▸ **Try it**
The copy should hold exactly the lines below from the one that contains "2.2 cu.ft. Cyclonic" through the one that contains "Ốp Điện Thoại" and nothing else, so no pictures.

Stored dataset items
-----
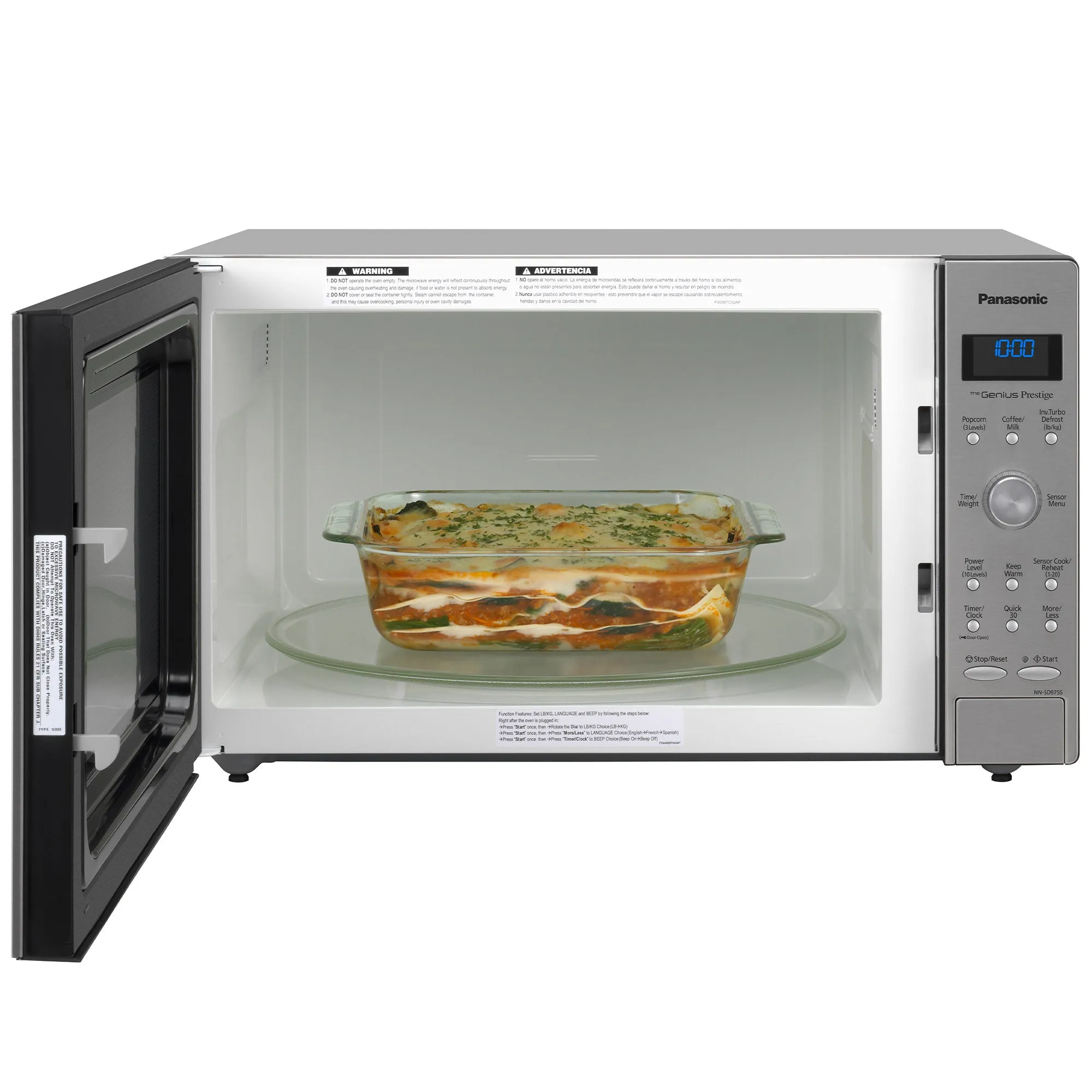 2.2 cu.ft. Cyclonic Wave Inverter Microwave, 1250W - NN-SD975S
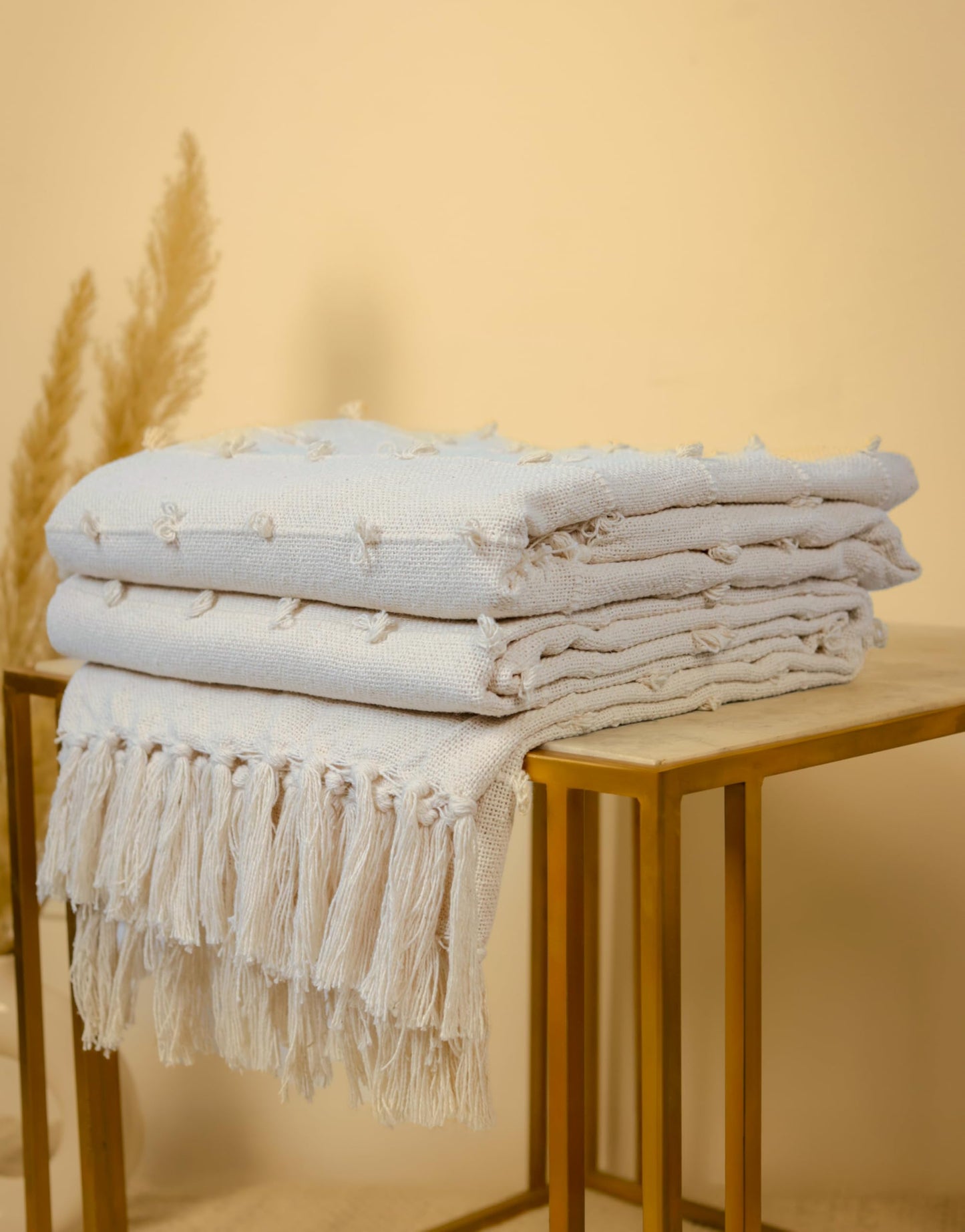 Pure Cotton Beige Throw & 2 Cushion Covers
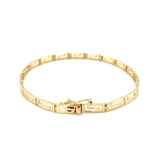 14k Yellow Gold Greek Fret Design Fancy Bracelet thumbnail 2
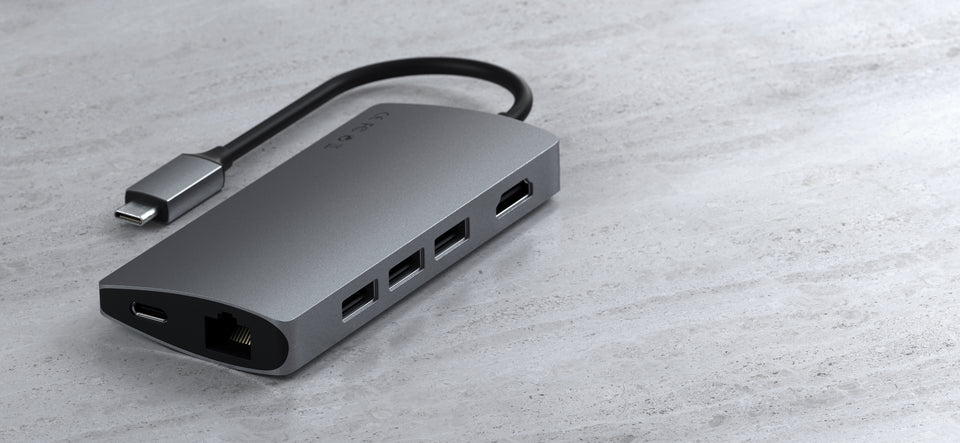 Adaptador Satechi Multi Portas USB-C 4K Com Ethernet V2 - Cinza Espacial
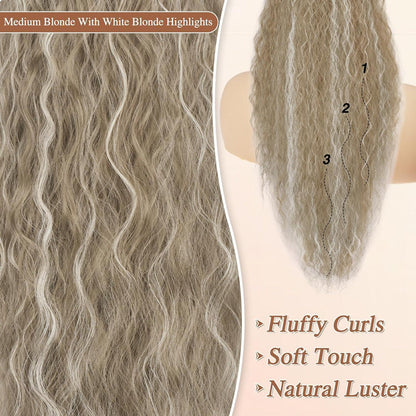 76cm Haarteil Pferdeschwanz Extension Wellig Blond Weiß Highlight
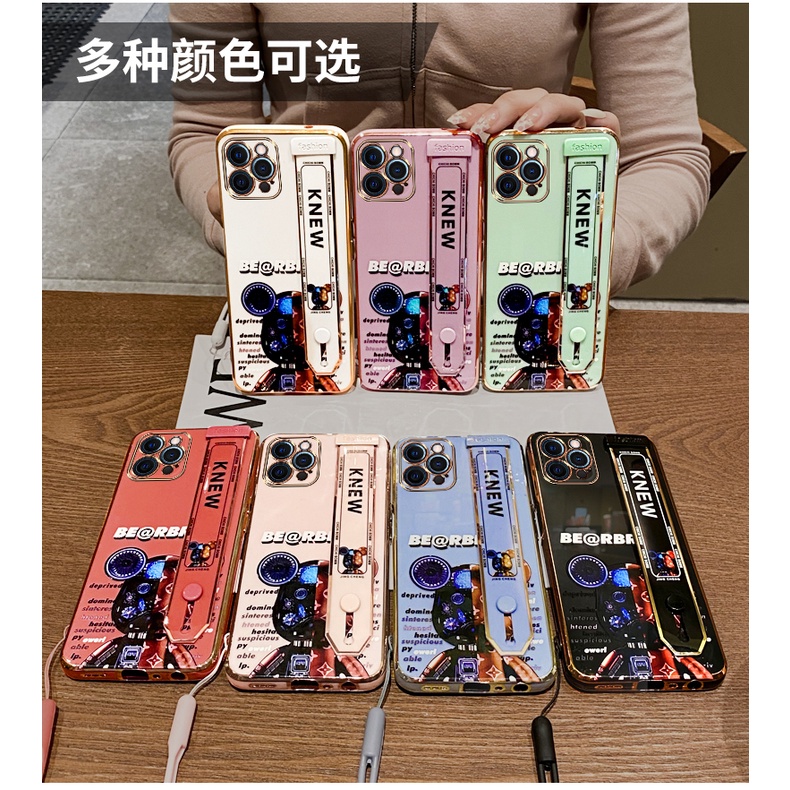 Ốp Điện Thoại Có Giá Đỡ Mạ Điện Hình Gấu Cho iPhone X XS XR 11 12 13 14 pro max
-----
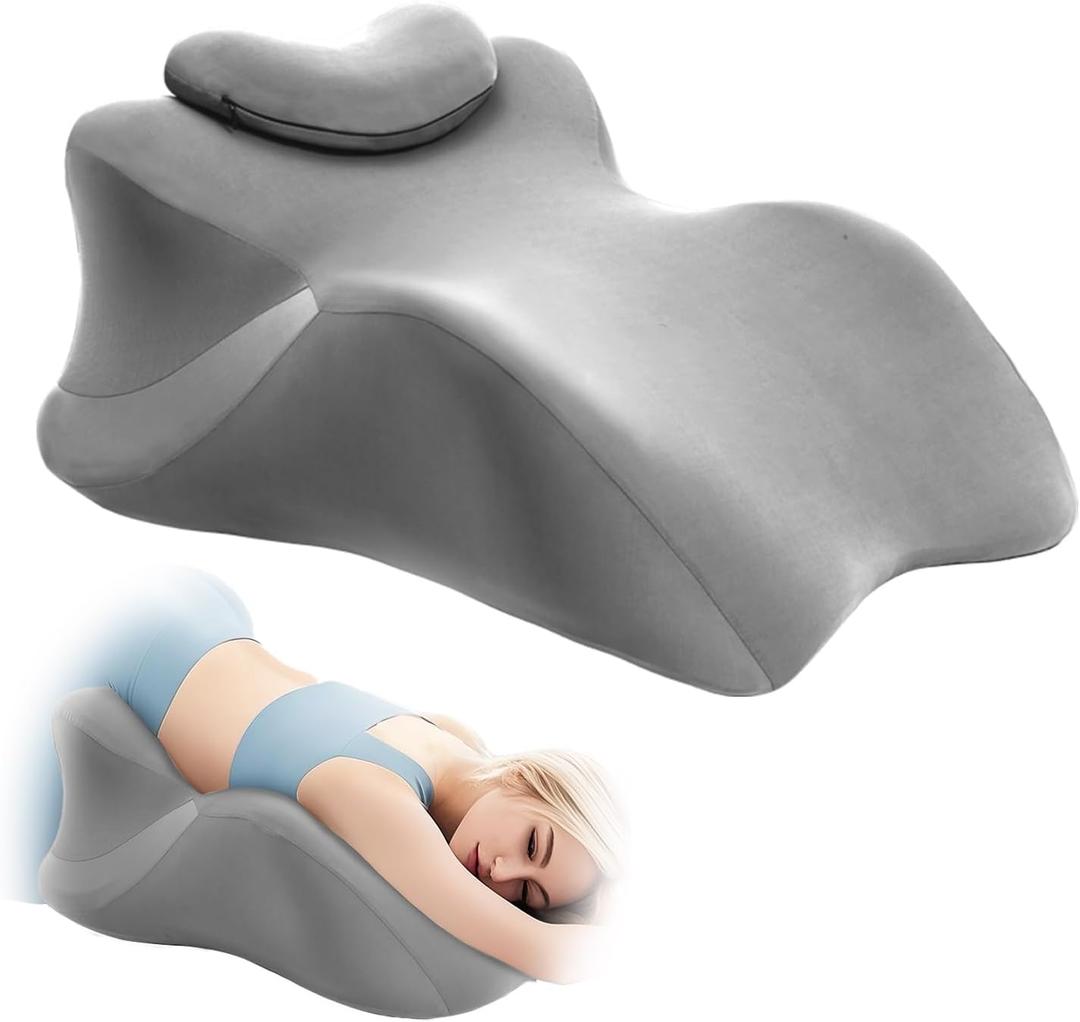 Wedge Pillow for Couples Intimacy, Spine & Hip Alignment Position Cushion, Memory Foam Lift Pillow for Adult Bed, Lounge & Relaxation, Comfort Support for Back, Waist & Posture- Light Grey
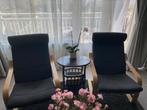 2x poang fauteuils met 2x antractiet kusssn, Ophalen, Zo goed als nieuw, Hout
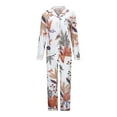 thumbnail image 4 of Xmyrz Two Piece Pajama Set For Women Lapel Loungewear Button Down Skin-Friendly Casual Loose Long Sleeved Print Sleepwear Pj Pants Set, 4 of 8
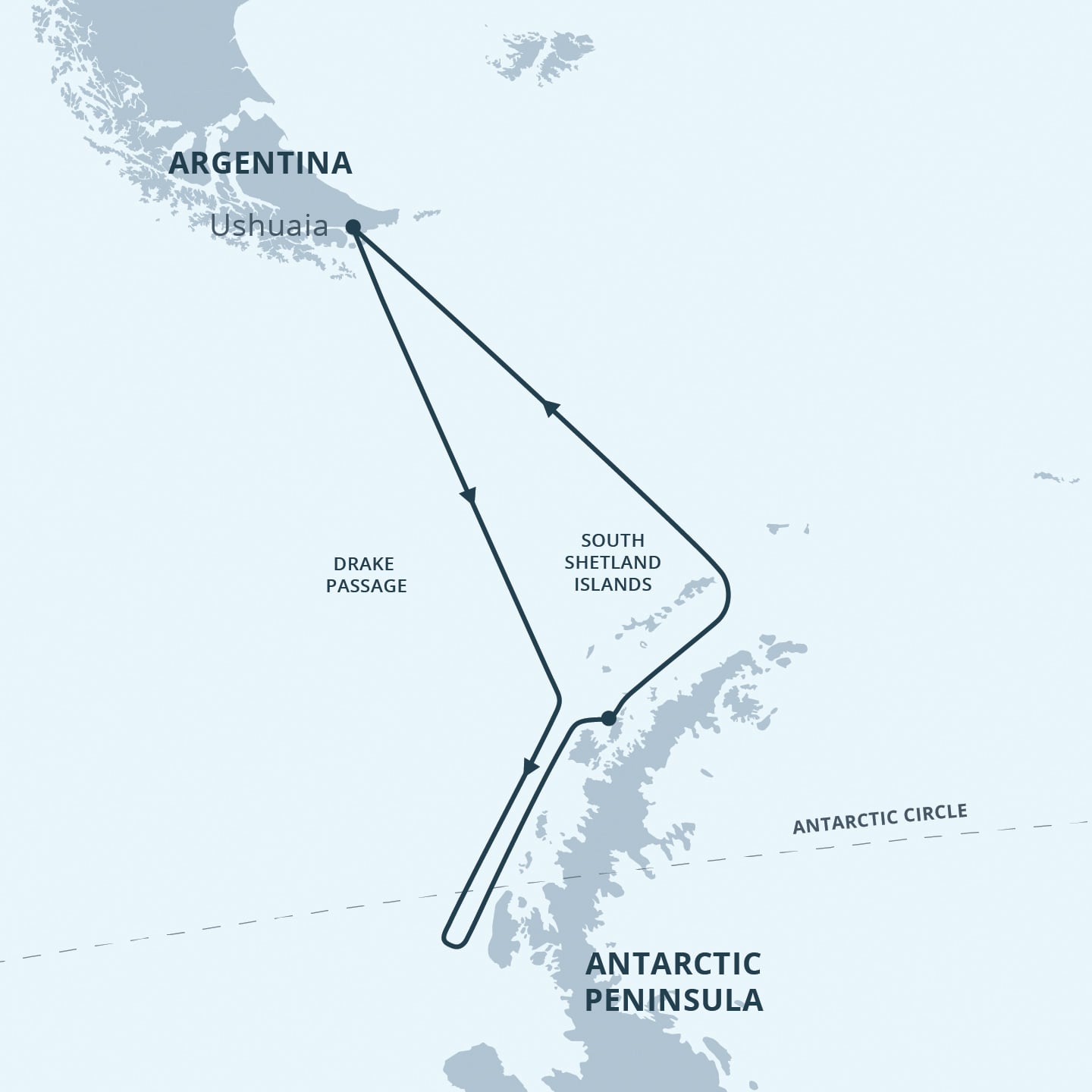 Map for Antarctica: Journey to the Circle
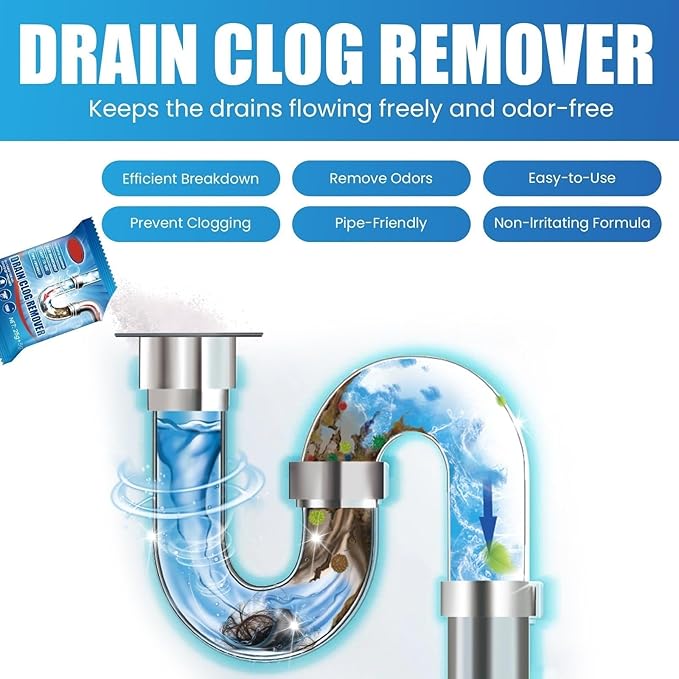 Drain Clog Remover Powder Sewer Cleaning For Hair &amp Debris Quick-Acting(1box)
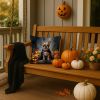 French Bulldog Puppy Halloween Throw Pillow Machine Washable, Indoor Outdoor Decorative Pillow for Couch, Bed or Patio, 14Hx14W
-----
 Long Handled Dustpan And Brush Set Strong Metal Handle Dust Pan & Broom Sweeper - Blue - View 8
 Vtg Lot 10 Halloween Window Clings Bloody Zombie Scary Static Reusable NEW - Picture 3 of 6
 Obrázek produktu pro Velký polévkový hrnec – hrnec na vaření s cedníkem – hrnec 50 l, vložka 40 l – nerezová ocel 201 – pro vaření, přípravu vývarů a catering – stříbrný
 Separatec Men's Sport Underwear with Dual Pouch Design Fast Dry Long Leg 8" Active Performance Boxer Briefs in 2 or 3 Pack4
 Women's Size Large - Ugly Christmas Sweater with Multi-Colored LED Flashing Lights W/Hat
-----
▸ **Response to the task**
 2.2 cu.ft. Cyclonic Wave Inverter Microwave, 1250W - NN-SD975S
 Pure Cotton Beige Throw & 2 Cushion Covers
 14k Yellow Gold Greek Fret Design Fancy Bracelet thumbnail 2
 Adaptador Satechi Multi Portas USB-C 4K Com Ethernet V2 - Cinza Espacial
 76cm Haarteil Pferdeschwanz Extension Wellig Blond Weiß Highlight
 Ốp Điện Thoại Có Giá Đỡ Mạ Điện Hình Gấu Cho iPhone X XS XR 11 12 13 14 pro max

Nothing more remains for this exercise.